Rappelant les enjeux actuels (climatiques, commerciaux…), Marc Fesneau, le ministre de l’Agriculture, résume dans une allocution filmée que les « innovations supposeront des évolutions du cadre réglementaire relatif aux appellations d’origine et indications géographiques, qui représentent 95 % des volumes produits en France. Elles devront permettre une plus grande souplesse d’adaptation et l’intégration de processus d’expérimentation au sein des cahiers des charges sans pour autant toucher les fondamentaux de ce qui fait la force des appellations, à savoir le lien au terroir et le caractère différenciant des produits et leur typicité. » Soit une nouvelle forme du "en même temps".
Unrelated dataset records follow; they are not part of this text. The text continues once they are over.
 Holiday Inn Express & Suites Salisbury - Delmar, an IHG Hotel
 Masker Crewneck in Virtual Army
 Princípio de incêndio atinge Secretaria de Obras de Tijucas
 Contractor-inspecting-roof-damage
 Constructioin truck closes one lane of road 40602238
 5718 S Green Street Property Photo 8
« La viticulture française est à la croisée des chemins. Tant nous avons à faire en matière d’innovation, d’attentes sociétales et d’économie. Le dérèglement climatique peut fédérer les trois » confirme à la tribune Bernard Angelras, le président commission technique scientifique et innovation de l’Institut National de l’Origine et de la Qualité (INAO). Pointant les remises en question de l’INAO sur les Variétés d’Intérêt à des Fins d’Adaptation (Vifa), le vigneron des Costières de Nîmes y voit un modèle d’expérimentation pour « permettre d’encadrer et accélérer l’expérimentation au sein de nos appellations, en conformité avec la définition des appellations d’origines ». Pour Bernard Angelras, « ce modèle d’expérimentation VIFA peut être déployé pour d’autres enjeux car il n’est pas dogmatique et qu’il est probatoire », sachant qu’« il n’y a pas de solutions évidentes, définitives et universelles », mais qu’il « est nécessaire de les évaluer ».
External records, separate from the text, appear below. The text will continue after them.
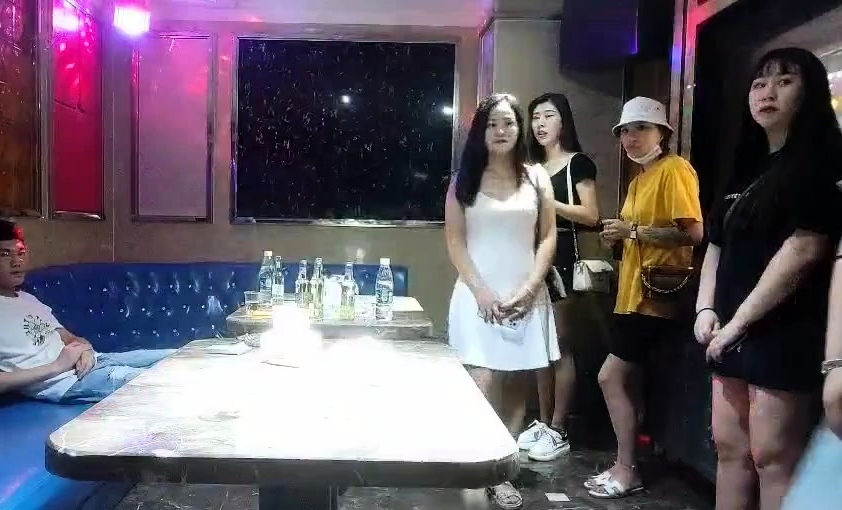 Amateur couple hidden cam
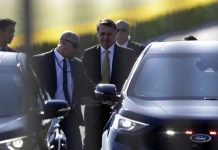 Denuncian a Bolsonaro por sobreprecios en la compra de la vacuna de India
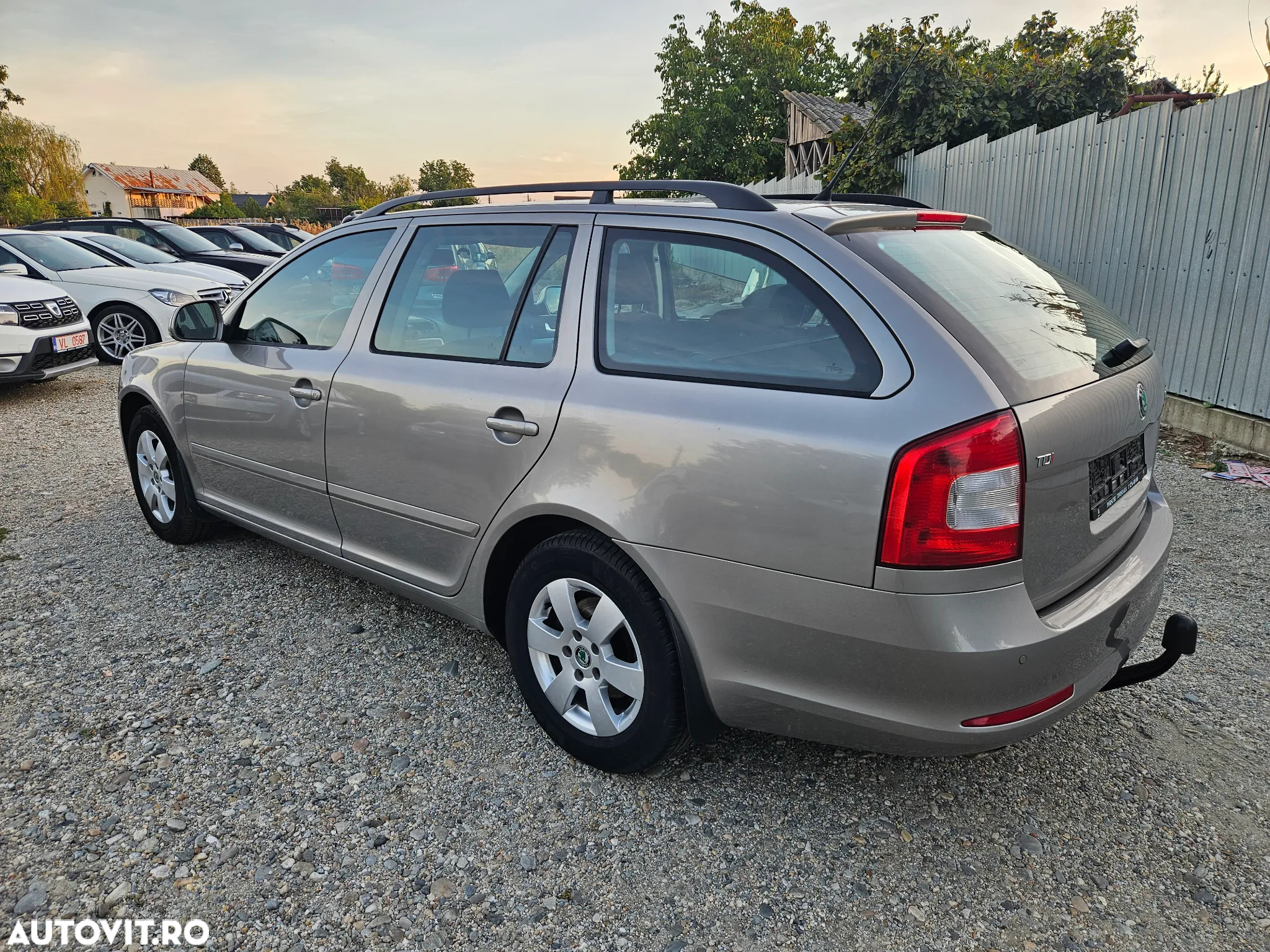 Skoda Octavia Combi 2.0 TDI Elegance - 4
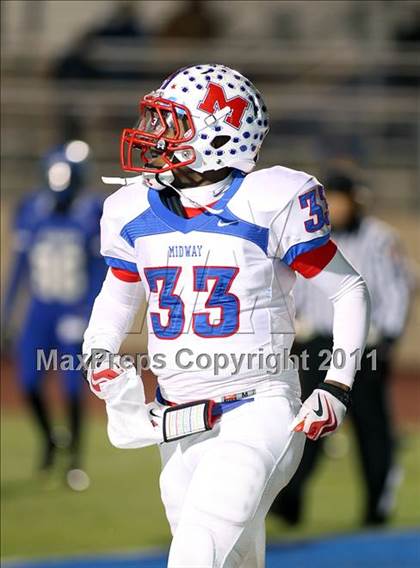 Thumbnail 2 in Midway vs. Tyler (4A Division 1 Semifinal) photogallery.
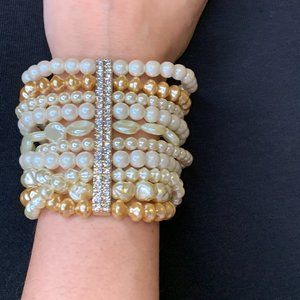 Multi strand pearl bracelet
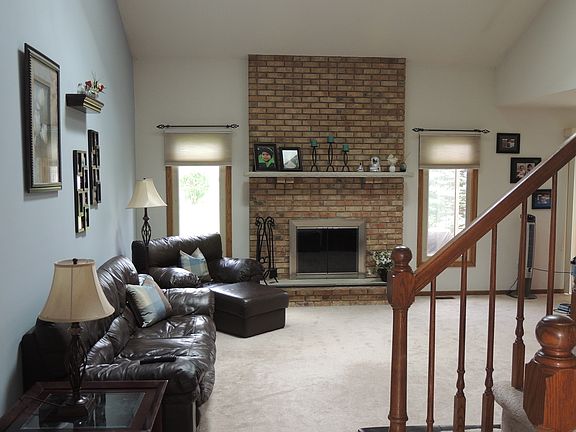 2nd image of 7620 W 158th Ct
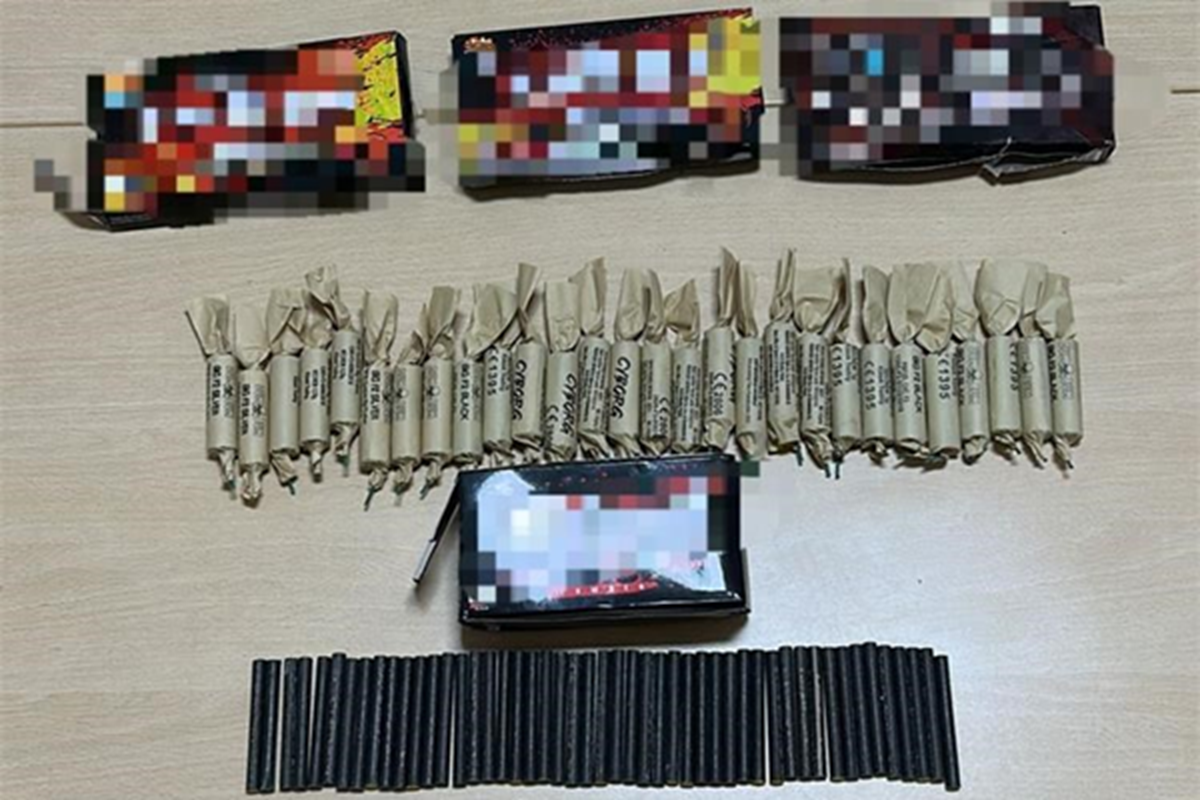 Policija kod maloljetnika u Solinu pronašla hrpu pirotehnike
Un temps d’essai parfois à négocier. Comme avec la demande de moratoire des Jeunes Agriculteurs sur l’agrivoltaïsme. « Aller vite, c’est l’antithèse de faire bien » indique Julien Rouger, membre du bureau des Jeunes Agriculteurs. Pour le viticulteur en Charente-Maritime, l’intérêt pour des ombrières photovoltaïques doit être validé par des tests, mais l’artificialisation des panneaux photovoltaïques sur des terres agricoles doit être bannie : « chaque chose en son temps, faut savoir de quoi on parle. Prendre en compte enjeux locaux ». Président de l’association France Agrivoltaïsme, Antoine Nogier défend une ligne de crête : « il faut aller vite et bien », sachant que « les décisions prises aujourd’hui seront impactantes pour 2050. Où l’on verra 2022 comme un climat frais, alors que c’est l’un des millésimes les plus chauds. »
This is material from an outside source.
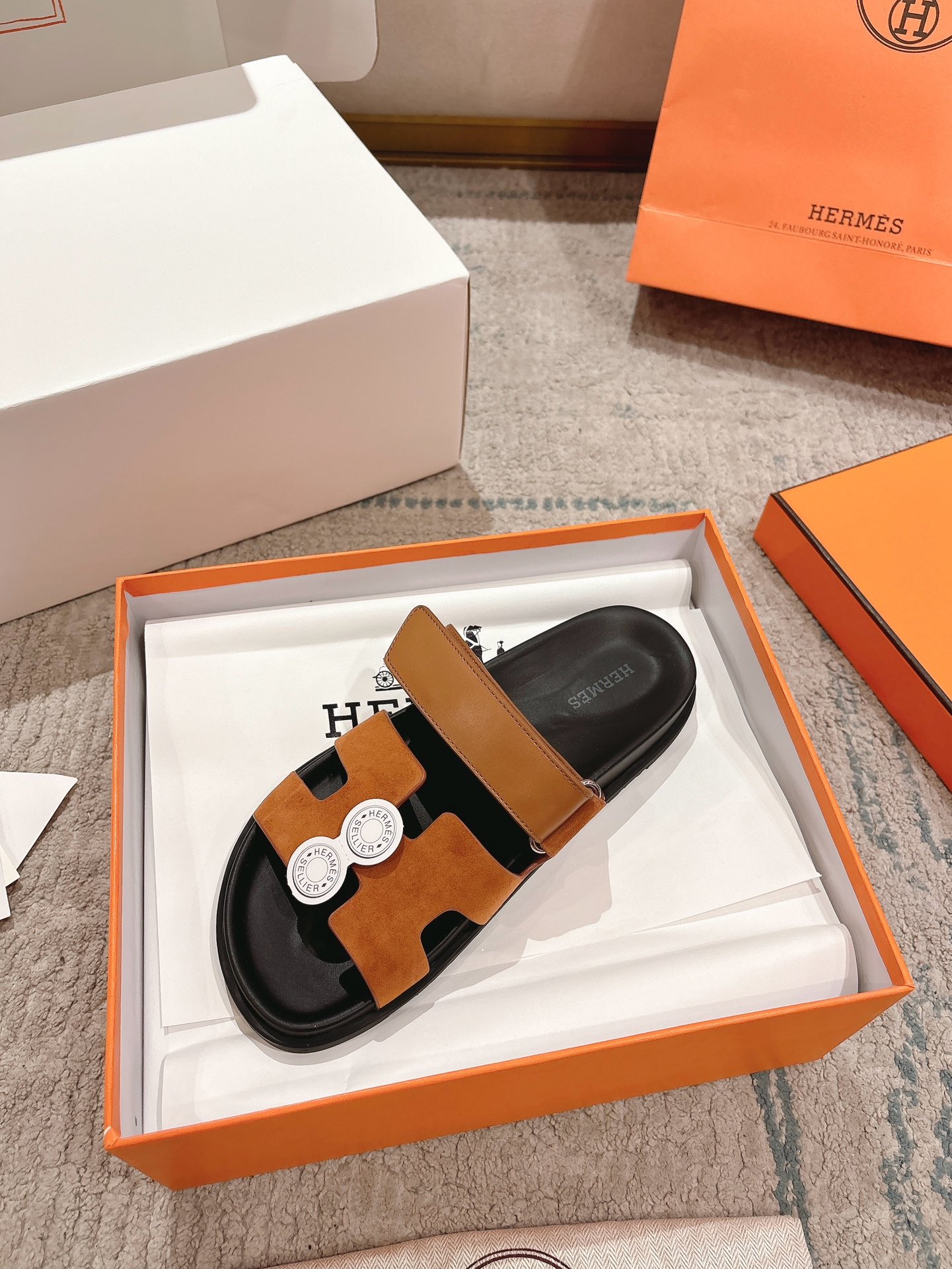 女款 男款➕10Herme*▪️Chypre二舅拖爆款系列 闺蜜夏天必备穿搭🔥非市面垃圾版本.顶级牛皮面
S’il faut définir préalablement le cadre des travaux d’adaptation pour permettre leur bonne adoption, l’urgence climatique pousse à des adaptations rapides dans le vignoble. Comme la philosophie de l’encépagement et l’intégration des cépages résistants aux cahiers des charges AOP. Comme le rapporte Bernard Farges, le président du Comité National des Interprofessions du Vin (CNIV), la perception du sujet a évolué en quelques années face à la pression sur la réduction des intrants phytosanitaires. En cours d’intégration auprès des syndicats viticoles le souhaitant, « les variétés résistantes ne bouleversent pas les AOC. Les vigneron et gestionnaires AOC sont attentifs, ça se fera très progressivement dans un cadre contraint : trop pour certain, révolutionnaire pour d’autres » note le viticulteur de l’Entre-deux-Mers.
« Nous n’avons plus le choix de ne pas avancer, notre seul objectif doit être d’apporter des solutions à nos viticulteurs , toujours dans une démarche de progrès » résume Bernard Angelras, soulignant l’importance de préserver « un modèle économique viable, seul gage de réussite pour assurer la pérennité de nos exploitations ». Au final, le temps reste toujours de l'argent.